"Jest zgoda, by kupić samoloty dla VIP-ów"
Szef BBN Stanisław Koziej powiedział w poniedziałek, że prezydent i premier zgadzają się, by kupić nowe samoloty do przewozu najważniejszych osób w państwie. Zakup byłby możliwy za dwa lata; do tego czasu MON chce znów wyczarterować samoloty.
Pod koniec ubiegłego tygodnia wiceszef MON Waldemar Skrzypczak poinformował, że resort do października chce rozstrzygnąć przetarg na czarter czterech samolotów dla VIP-ów. Obecna umowa z Eurolotem wygasa w grudniu.
Zdaniem Kozieja dobrze, że resort obrony przyspiesza procedury. - Umawiamy się z MON, aby termin czarteru był zgrany z terminem ewentualnego zakupu nowych samolotów, aby ten czarter był do czasu zakupu nowych samolotów - powiedział Koziej w poniedziałek dziennikarzom. - Przewidujemy, że być może w 2015 r. takie zakupy mogłyby się rozpocząć, więc na ten czas trzeba po prostu wyczarterować samoloty do obsługi VIP-ów - przypomniał.
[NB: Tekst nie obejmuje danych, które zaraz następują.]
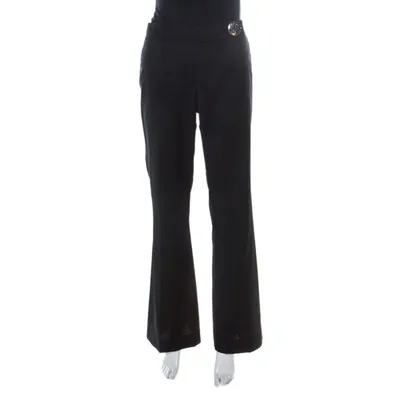 Pre-owned Tory Burch Black Wool Wide Leg Trousers M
Pytany, czy jest zgoda polityczna, żeby kupować nowe samoloty dla VIP-ów, Koziej powiedział: - Jest zgoda prezydenta i premiera, aby takie coś czynić. Prezydent postawił mi zadanie, abym przygotował projekt ustawy zapewniającej mechanizm finansowania zakupu.
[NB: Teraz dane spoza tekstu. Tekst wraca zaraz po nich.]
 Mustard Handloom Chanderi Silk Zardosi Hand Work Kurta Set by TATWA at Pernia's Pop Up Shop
Z kolei Skrzypczak powiedział w poniedziałek dziennikarzom, że obecny przetarg dotyczy czarteru na dwa lata z możliwością przedłużenia. - Jeżeli będzie decyzja polityczna o zakupie, również będziemy gotowi, aby tego zakupu dokonać, ale trzeba pamiętać, że w przypadku zakupu samolotów procedura od decyzji do finał zajmie dwa-trzy lata - powiedział wiceminister, który w MON odpowiada za zakupy sprzętu i uzbrojenia.
Według Kozieja nowym samolotom wystarczy zasięg odpowiedni do lotów po Europie. Maszyny te nie muszą też być duże. Przypomniał, że po katastrofie smoleńskiej BBN przedstawiło raport dot. lotów VIP-ów, w którym podkreślało, że samoloty muszą być jednocześnie stanowiskami kierowania państwem w sytuacjach krytycznych, co oznacza wyposażenie ich w odpowiednie środki łączności i ochrony. Zaznaczył, że z tego względu obsługą maszyn powinno zajmować się wojsko.
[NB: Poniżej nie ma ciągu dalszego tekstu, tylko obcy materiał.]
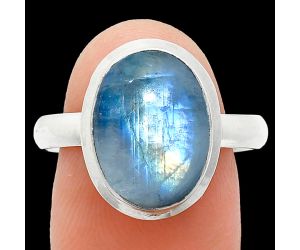 Rainbow Moonstone Ring size-9.5 EXR01045 R-1007, 10x14 mm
MON chce obecnie wyczarterować dwa samoloty średniej wielkości i dwa małe (na 17-19 miejsc), choć Skrzypczak zastrzegł, że może się to zmienić pod wpływem ofert, które zostaną zgłoszone do przetargu. BBN natomiast pracuje nad systemowym rozwiązaniem dotyczącym transportu VIP-ów.
Rzecznik prasowy MON Jacek Sońta poinformował w poniedziałek, że prace nad czarterem samolotów po 2013 r. rozpoczęły się w październiku 2012 r. od spotkania ministra obrony z szefami kancelarii prezydenta, premiera, Sejmu i Senatu. W lutym 2013 r., po analizie potrzeb, rząd zlecił MON i kancelarii premiera podjęcie działań, które zapewniłyby najważniejszym osobom w państwie transport lotniczy. Na początku kwietnia został zatwierdzony harmonogram dotyczący procedury zawierania umowy na czarter. - MON nie widzi zagrożeń dla realizacji tego zamówienia - podkreślił Sońta.
Obecnie politycy mają do dyspozycji dwa brazylijskie samoloty Embraer wyczarterowane przez MON od spółki Eurolot należącej do LOT-u. Zawarta w 2010 roku umowa wygasa z końcem tego roku. Według źródeł PAP w resorcie obrony wcześniej rozważano możliwość przedłużenia umowy czarteru brazylijskich maszyn, przeważyły jednak opinie, że konieczne będzie ogłoszenie przetargu. Umowa na czarter embraerów była zawarta bez przetargu, w wyjątkowych okolicznościach, krótko po katastrofie smoleńskiej, więc przedłużenie jej bez przetargu byłoby ryzykowne.
Wartość umowy na czarter embraerów to ponad 42 mln zł rocznie, za cały okres niemal 152,5 mln zł.